122 There is now, however, as is shown in the report of Chief Justice Guy of Washington State, supra, a widening acceptance amongst those closely associated with the administration of justice in retentionist states that the finality of the death penalty, combined with the determination of the criminal justice system to satisfy itself fully that the conviction is not wrongful, seems inevitably to provide lengthy delays, and the associated psychological trauma. It is apposite to recall in this connection the observation of Frankfurter J. of the United States Supreme Court, dissenting, in Solesbee v. Balkcom, 339 U.S. 9 (1950), at p. 14, that the “onset of insanity while awaiting execution of a death sentence is not a rare phenomenon”. Related concerns have been expressed by Breyer J., dissenting from decisions not to issue writs of certiorari in Elledge v. Florida, 119 S. Ct. 366 (1998), and Knight v. Florida, 120 S. Ct. 459 (1999). In the latter case, Breyer J. cited a Florida study of inmates which showed that 35 percent of those committed to death row attempted suicide.

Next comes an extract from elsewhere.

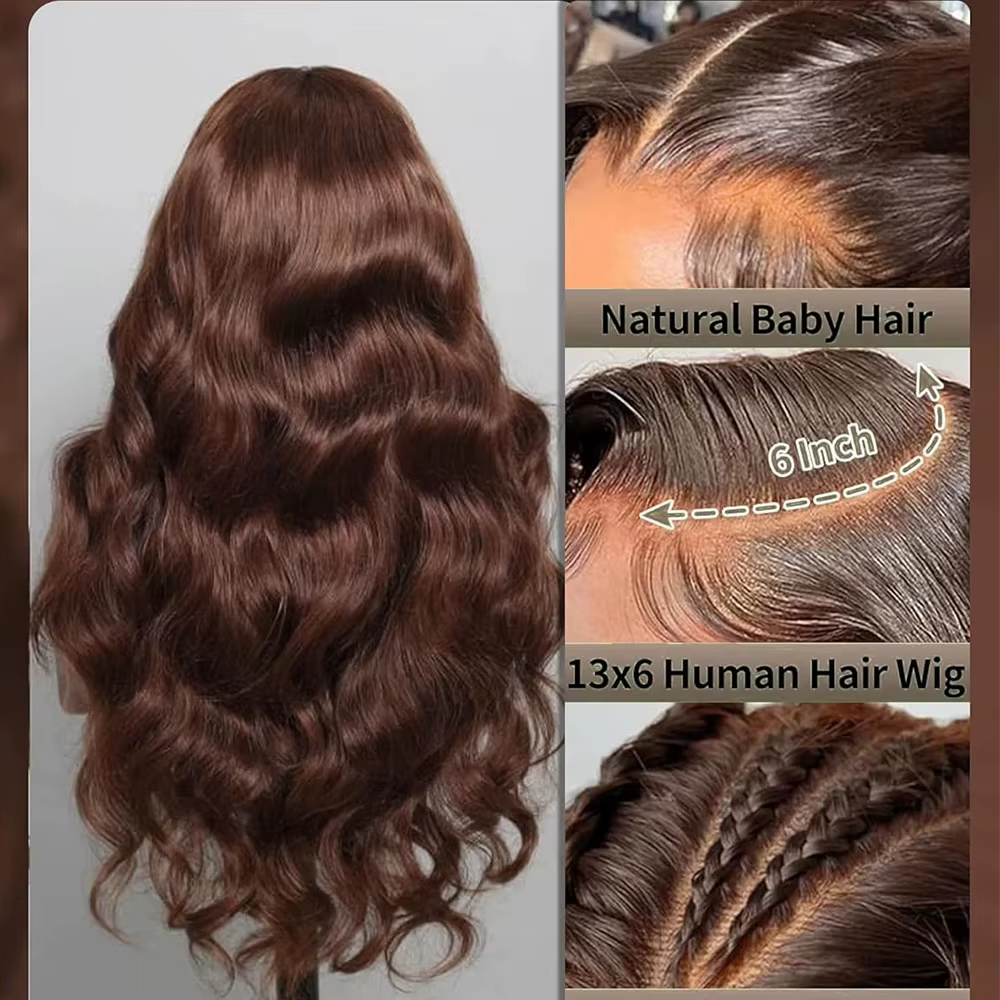 Perruque Lace Front Wig Body Wave marron chocolat, perruque Lace Frontal Wig transparente 13x4 13x6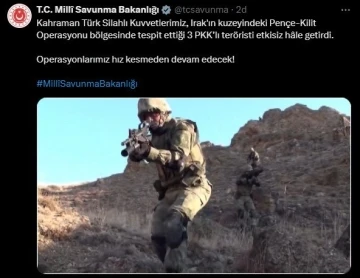 Pençe-Kilit Operasyonu bölgesinde 3 PKK’lı terörist etkisiz hale getirildi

123 The death row phenomenon is not a controlling factor in the s. 7 balance, but even many of those who regard its horrors as self-inflicted concede that it is a relevant consideration. To that extent, it is a factor that weighs in the balance against extradition without assurances.
12. The Balance of Factors in This Case Renders Extradition of the Respondents Without Assurances a Prima facie Infringement of their Section 7 Rights
124 Reviewing the factors for and against unconditional extradition, we conclude that to order extradition of the respondents without obtaining assurances that the death penalty will not be imposed would violate the principles of fundamental justice.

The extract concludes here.